External assistance was clearly needed; and the American enthusiasm for Central Asia after September 11 was welcomed in the region.

But none of the regimes want to tie their future to the whims and fancies of one great power. Diversification of security dependence, then, has become the new mantra for the region.

Besides America and Russia, the Central Asian Governments have been quite happy to expand their engagement with China which has begun to conduct frequent military exercises with the nations of the region.

* * *

The Government of India has rubbished speculation that it has established a military base at Farkhor in Tajikistan. The media reports, which have acquired a life of their own since last year, have also been denied by the Tajik Government.

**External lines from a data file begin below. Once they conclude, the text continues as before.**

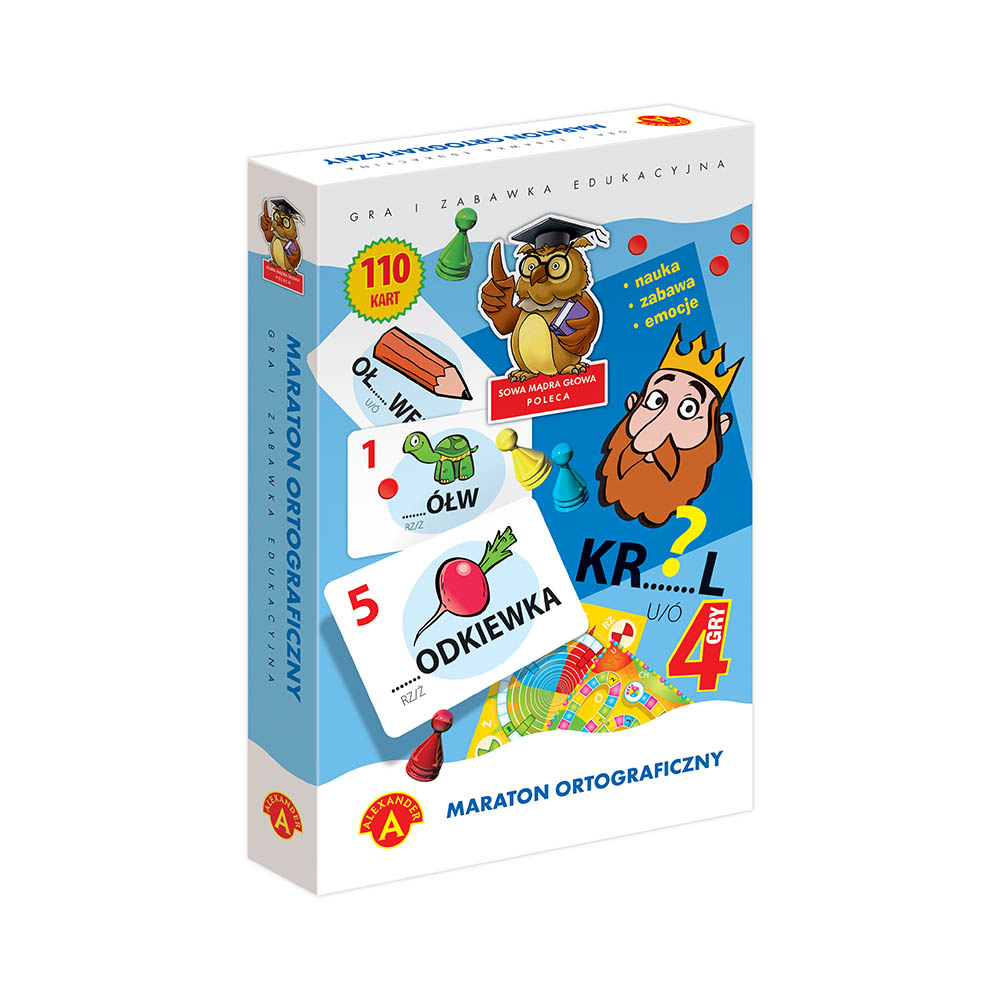 Gra Maraton ortograficzny gra edu sowa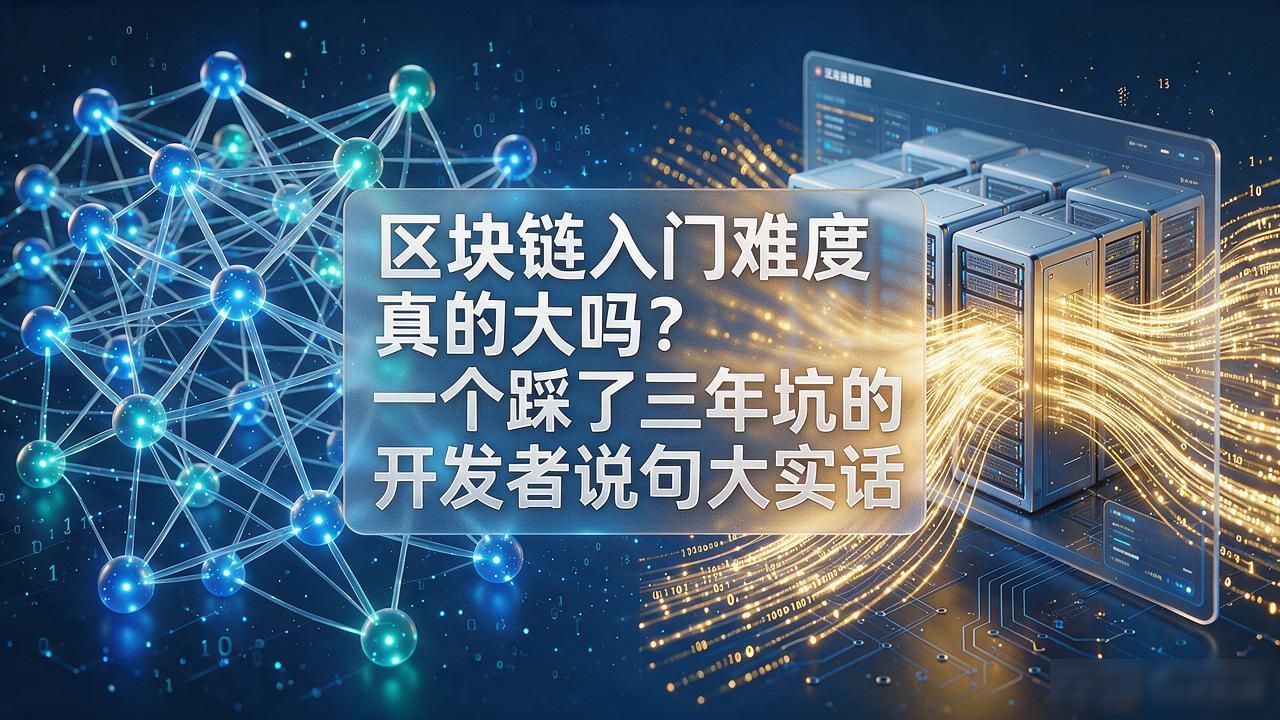 区块链入门难度真的大吗？一个踩了三年坑的开发者说句大实话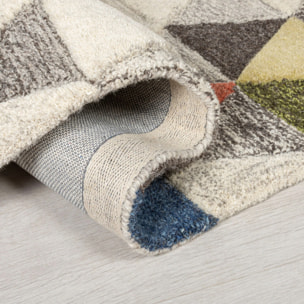 Tapis en laine AMARI Multicolore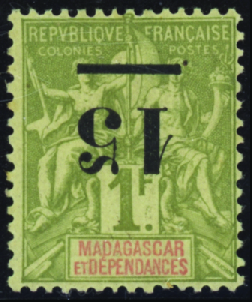 N°50a surcharge renversée neufs * TB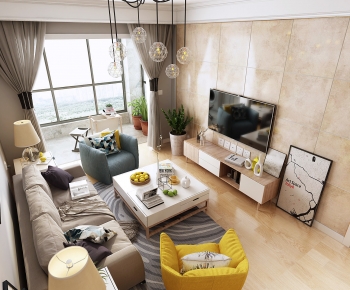 Nordic Style A Living Room-ID:655853997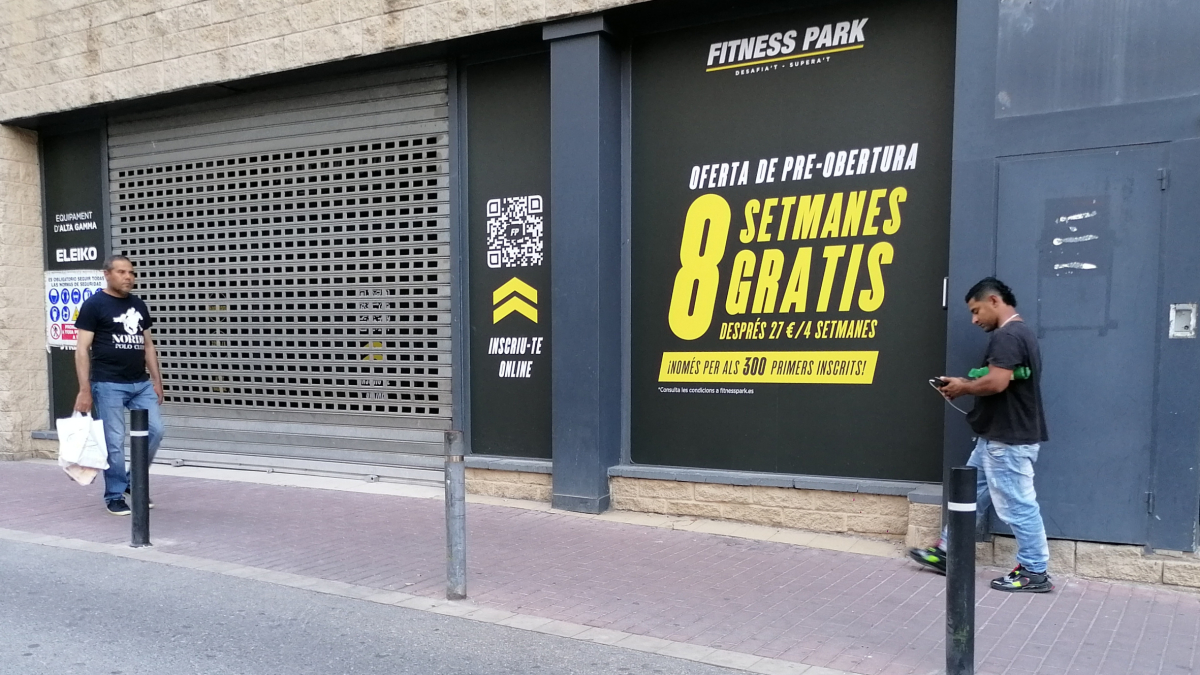 Obres per al nou gimnàs a Noguerola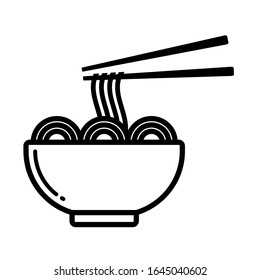 bowl - kitchen utensils - food icon vector design template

But neither side denies their growing military links. The Indian military engagement with the Tajiks is said to be in the fields of training, high-level exchanges, the transfer of equipment and help in building some military facilities.

There are reports, for example, that India has agreed to reconstruct a former Soviet airbase at Aini in the suburbs of the Tajik capital Dushanbe.

The two sides, however, insist that there is no deployment of Indian military personnel or the establishment of a military base in Tajikistan.

India's military involvement with Tajikistan appears part of a new Indian forward policy in Central Asia.

Last week, the Defence Minister, George Fernandes, was in Kyrgyzstan offering help in mountain warfare. Moving on to Kazakhstan, Mr. Fernandes was promising the nation to build naval capabilities to defend its oil installations in the energy-rich Caspian sea.

* * *

For India, Central Asia means more than the former Soviet Republics. The term always included Tibet and Xinjiang in China and Mongolia. A great Indian who raised the nation's standing in Mongolia passed away last week without much notice in the capital.

Kyabje Bakula Rinpoche, one of the world's most venerated Buddhist figures, died on November 4 at the age of 86. Bakula Rinpoche was one of those extraordinary men who could straddle across many incompatible worlds with grace and distinction.

Bakula Rinpoche was one of the last surviving members of the Jammu and Kashmir Constituent Assembly.

He served as a member of the State legislature during 1957-67, Minister from 1953-67, and as a Member of Parliament during 1967-77.

Until a few years ago, he served as India's ambassador to Mongolia. As a Buddhist monk, he was more of a godly figure in that nation than a mere plenipotentiary of another government. The Mongolians called him "Elchin Bagsha" — the teacher ambassador.